EXERCISE OBJECTIVE: Dropping every picture, set down exactly the lines in the entries below, starting with the line with "Protein PLANT Plant" and going on through the line with "GIPC3 Antibody in Western Blot (WB)".

*** EXTRACTED ENTRIES ***

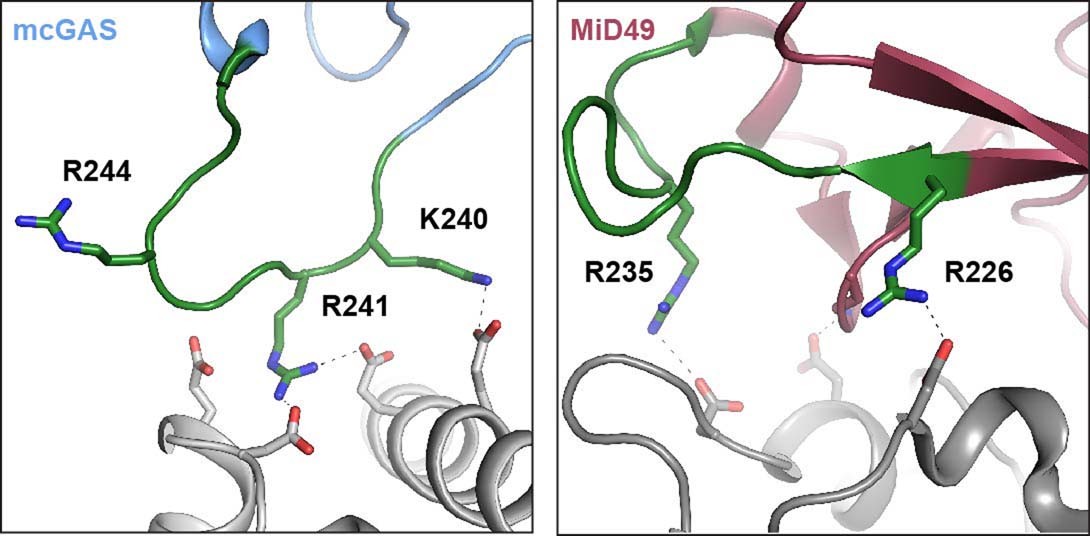 Extended Data Fig. 7: Structurally conserved loop for protein–protein interactions in MAB21 family nucleotidyltransferases.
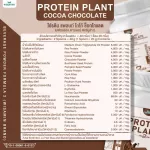 Protein PLANT Plant protein 2 flavors of cocoa, chocolate protein, 5 types of plants, free, free, 23 pieces of pearls, 1 bottle of 920 grams.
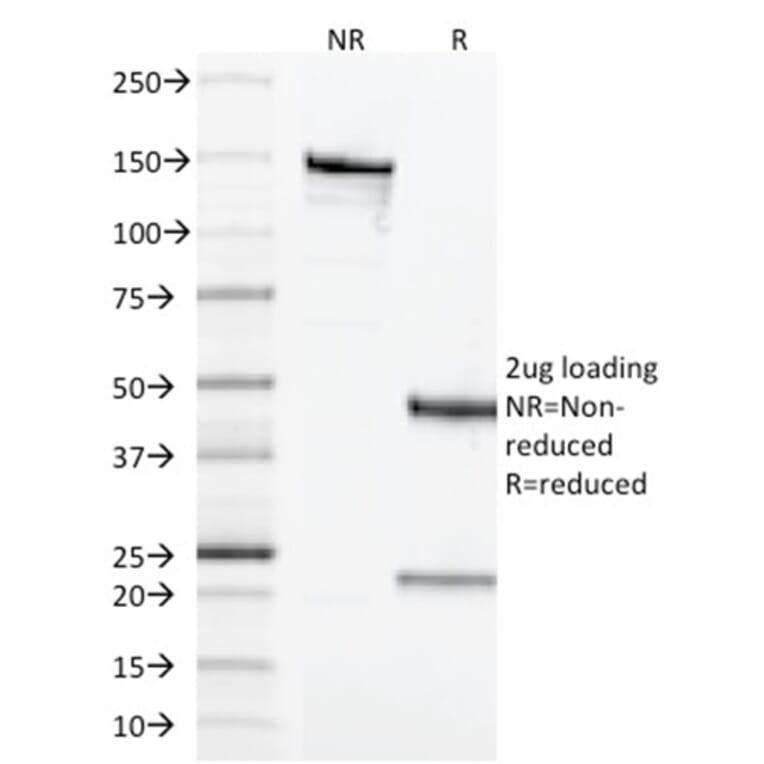 SDS-PAGE - Anti-CD68 Antibody [LAMP4/1830] - BSA and Azide free (A253943) - Antibodies.com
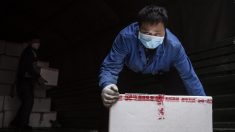 Funcionarios chinos autorizados para confiscar bienes personales para contrarrestar crisis de coronavirus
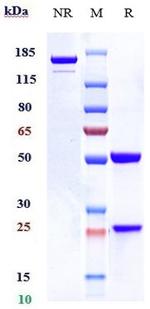 CD123 (Talacotuzumab Biosimilar) Antibody in SDS-PAGE (SDS-PAGE)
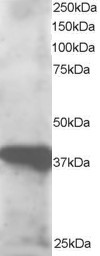 GIPC3 Antibody in Western Blot (WB)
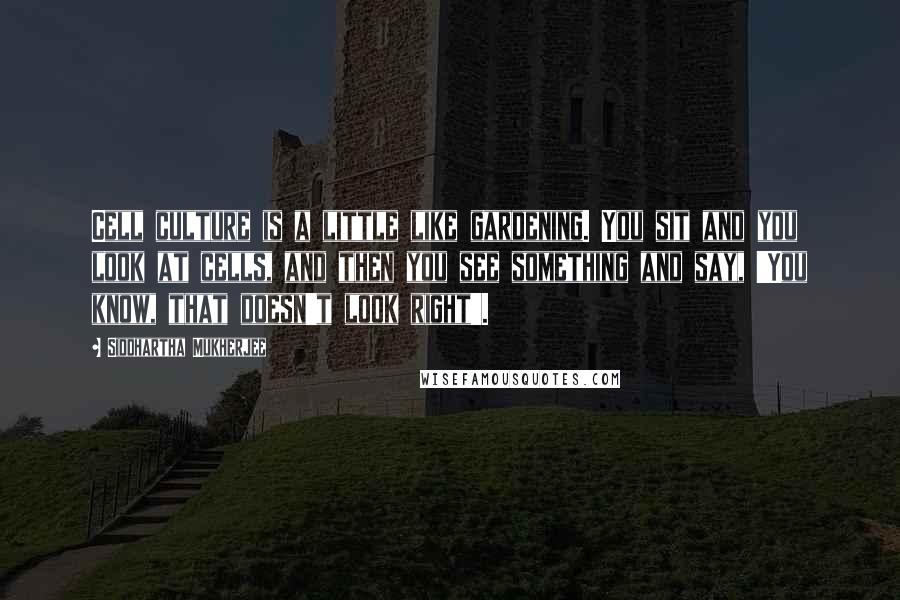 Siddhartha Mukherjee quotes: Cell culture is a little like gardening. You sit and you look at cells, and then you see something and say, 'You know, that doesn't look right'.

*** End of EXTRACTED ENTRIES ***

TASK RESPONSE:
 Protein PLANT Plant protein 2 flavors of cocoa, chocolate protein, 5 types of plants, free, free, 23 pieces of pearls, 1 bottle of 920 grams.
 SDS-PAGE - Anti-CD68 Antibody [LAMP4/1830] - BSA and Azide free (A253943) - Antibodies.com
 Funcionarios chinos autorizados para confiscar bienes personales para contrarrestar crisis de coronavirus
 CD123 (Talacotuzumab Biosimilar) Antibody in SDS-PAGE (SDS-PAGE)
 GIPC3 Antibody in Western Blot (WB)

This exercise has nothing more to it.